Sorry that things suck so bad for you, and that your country’s health services are that bad. The reason I’ve been so functional the last few years is mostly the opioid use; though I wouldn’t call only now attending high-school-level education or having no social life highly functional, maybe “just hanging in there”, but these things are relative and it’s definitely much better than it used to be. Just being at home without doing anything for years at a time is something I can relate to, so I feel your pain.
I used to find that cannabis helped me, but after some years it started making me feel somewhat anxious so I quit using it for that purpose. If you can ever try it, a medication called pregabalin (Lyrica) helps with my Aspergers.
Oh don’t worry, this thread is about so many things at its heart that you’re quite on-topic. Everyone needs some place to vent out steam.
I really do mean opioids. Though I am familiar with opiates, too, but mostly opioids.
Here are some things to watch: http://www.ubu.com/film/greenaway.html
Thanks, those seem interesting!
If people are wondering, I’m doing good at the moment. Just had a minor freak-out a few days ago when I realized that my school starts next week. I really don’t know if I’m ready or how I’ll manage, but at the same time, having some structure in my daily life might help. And seeing my classmates will be nice, too, I get to talk to people who have no idea about my opioid addiction or recovery and just think about everything else.
Plus, I get to spend a lot of time in nature at school. Plus, I really do love studying, especially at home independently which is what most of my school consists of.
I kind of wanted to get a hair-cut and go shopping for new clothes before school. Now I kind of have to rush if I still want to do it. Not that it’s super important that it happens before school starts, but it would’ve been nice, a new start (or rather, new way of living) and all.
If you can’t do both, the haircut will be the bigger picker-upper, but only if you know the hairdresser and know they will do a good job. Getting a bad haircut is very depressing!
But if things do go wrong…
Q: What’s the difference between a bad haircut and a good one?
A: About six weeks.
Well, it looks like I won’t be getting a haircut before school starts. I want to do it at the beauty school because it costs half the amount that every regular place charges (15€ saved is a lot for me!). Plus they are quite good at there, especially since I’m getting someone who’s in their last year to do my hair. My appointment won’t be till week 7 (there was no way for me to get it during next week because of school), but oh well.

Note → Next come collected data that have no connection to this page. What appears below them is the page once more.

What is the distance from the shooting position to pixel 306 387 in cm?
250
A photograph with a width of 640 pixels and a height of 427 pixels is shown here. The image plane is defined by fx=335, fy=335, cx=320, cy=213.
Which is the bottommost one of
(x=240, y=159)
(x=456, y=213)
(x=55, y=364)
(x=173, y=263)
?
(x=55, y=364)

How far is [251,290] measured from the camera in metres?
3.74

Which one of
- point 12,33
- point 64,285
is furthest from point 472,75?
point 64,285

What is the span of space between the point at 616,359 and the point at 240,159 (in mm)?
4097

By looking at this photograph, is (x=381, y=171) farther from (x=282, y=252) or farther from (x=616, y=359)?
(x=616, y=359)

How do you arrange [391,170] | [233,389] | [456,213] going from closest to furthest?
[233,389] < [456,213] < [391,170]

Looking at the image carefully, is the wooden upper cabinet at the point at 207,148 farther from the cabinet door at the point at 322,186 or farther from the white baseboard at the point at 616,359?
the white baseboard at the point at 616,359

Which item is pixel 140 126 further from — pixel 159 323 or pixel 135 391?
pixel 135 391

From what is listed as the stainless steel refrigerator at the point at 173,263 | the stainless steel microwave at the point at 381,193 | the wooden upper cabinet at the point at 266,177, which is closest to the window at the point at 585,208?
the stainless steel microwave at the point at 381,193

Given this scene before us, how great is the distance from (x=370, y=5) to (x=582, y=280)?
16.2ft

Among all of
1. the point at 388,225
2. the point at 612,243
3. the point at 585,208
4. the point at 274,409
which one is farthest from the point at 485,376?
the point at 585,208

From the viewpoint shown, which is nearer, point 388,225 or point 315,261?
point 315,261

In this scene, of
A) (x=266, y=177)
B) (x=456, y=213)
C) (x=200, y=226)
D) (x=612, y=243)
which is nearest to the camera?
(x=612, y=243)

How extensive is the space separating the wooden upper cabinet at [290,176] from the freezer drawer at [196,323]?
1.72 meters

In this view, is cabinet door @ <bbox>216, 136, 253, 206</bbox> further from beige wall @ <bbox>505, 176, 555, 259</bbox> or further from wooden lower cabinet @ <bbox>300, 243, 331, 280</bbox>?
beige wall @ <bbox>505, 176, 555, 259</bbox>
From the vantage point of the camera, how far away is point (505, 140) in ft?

I just want a really, really short haircut, which is hard to do completely wrong. I shaved my head over a year ago (I used to have dreadlocks and wanted something new) and have just let it grow naturally since. I was afraid of how I’d look bald, but I grew to like it so much that having shoulder-length hair now feels just wrong. If I really don’t like the new haircut, I can just shave it again, so I’m not really worried.
But new clothes… I should go to the local UFF (kinda like Goodwill) tomorrow or Saturday. A new shirt (or maybe some pants) will certainly help!